> [Your task] Only the lines from the one containing "2016 SUBARU FORESTER 2.0D-L CVT AWD S4 MY16" to the end of the listing below should be returned, exactly as written and without pictures.

> [Available data]
------

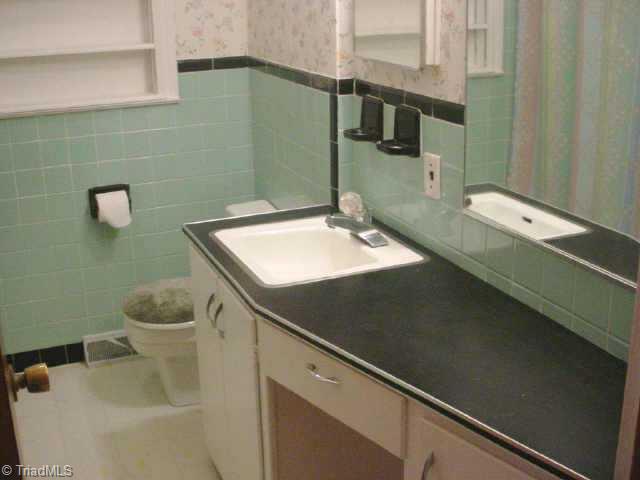 4110 Transou Road Pfafftown, NC 27040 - Photo 9 of 9 Other.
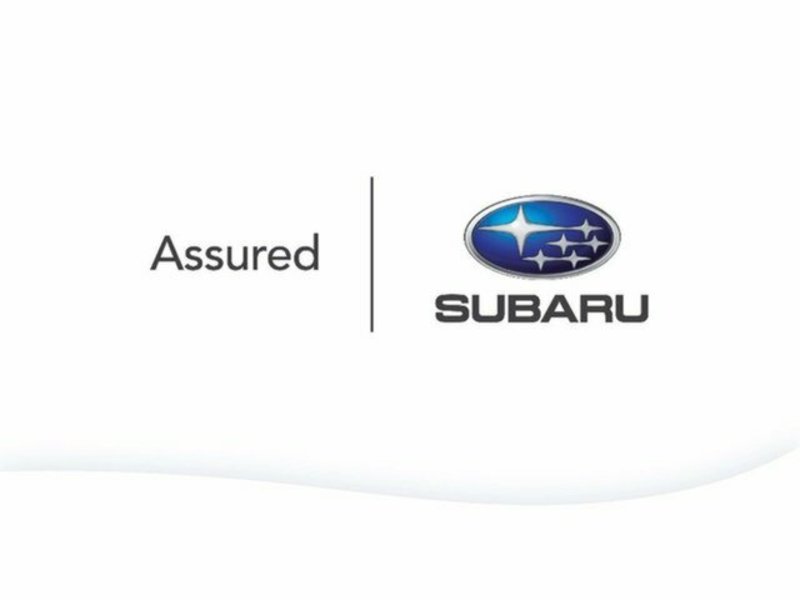 2016 SUBARU FORESTER 2.0D-L CVT AWD S4 MY16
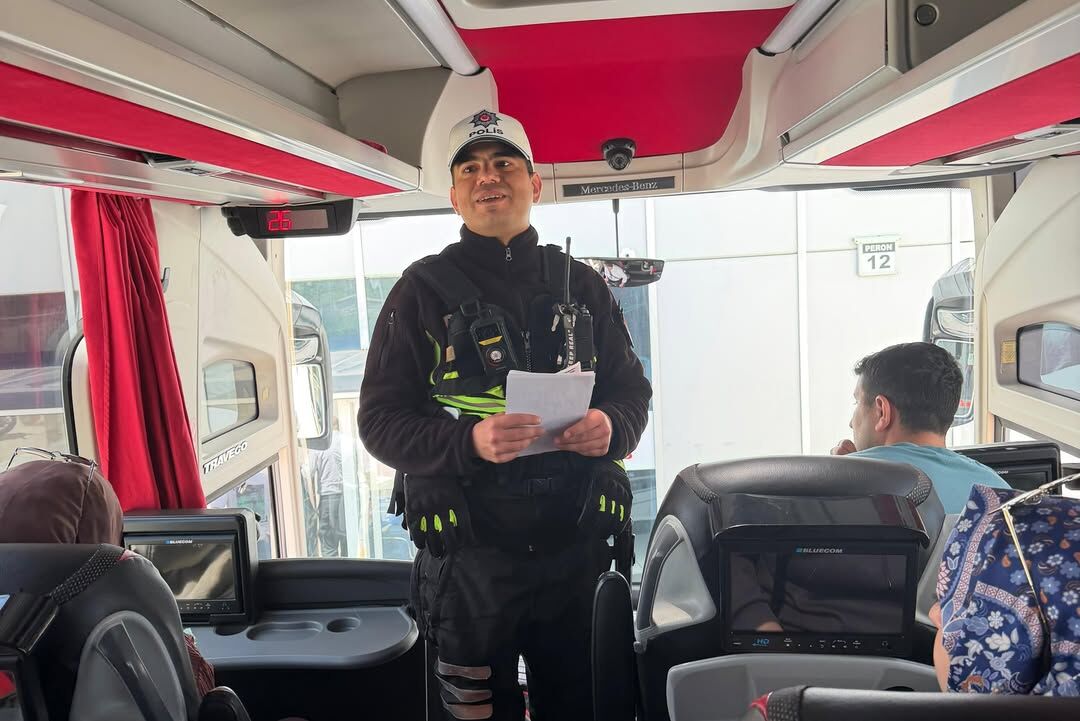 Şehri Nuh’umuzun Trafik Polisleri 7 24 Hemşehrilerimizin Yanında.hemşehrilerimize Güvenli Yolcul (3)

------

> [Answer below]
 2016 SUBARU FORESTER 2.0D-L CVT AWD S4 MY16
 Şehri Nuh’umuzun Trafik Polisleri 7 24 Hemşehrilerimizin Yanında.hemşehrilerimize Güvenli Yolcul (3)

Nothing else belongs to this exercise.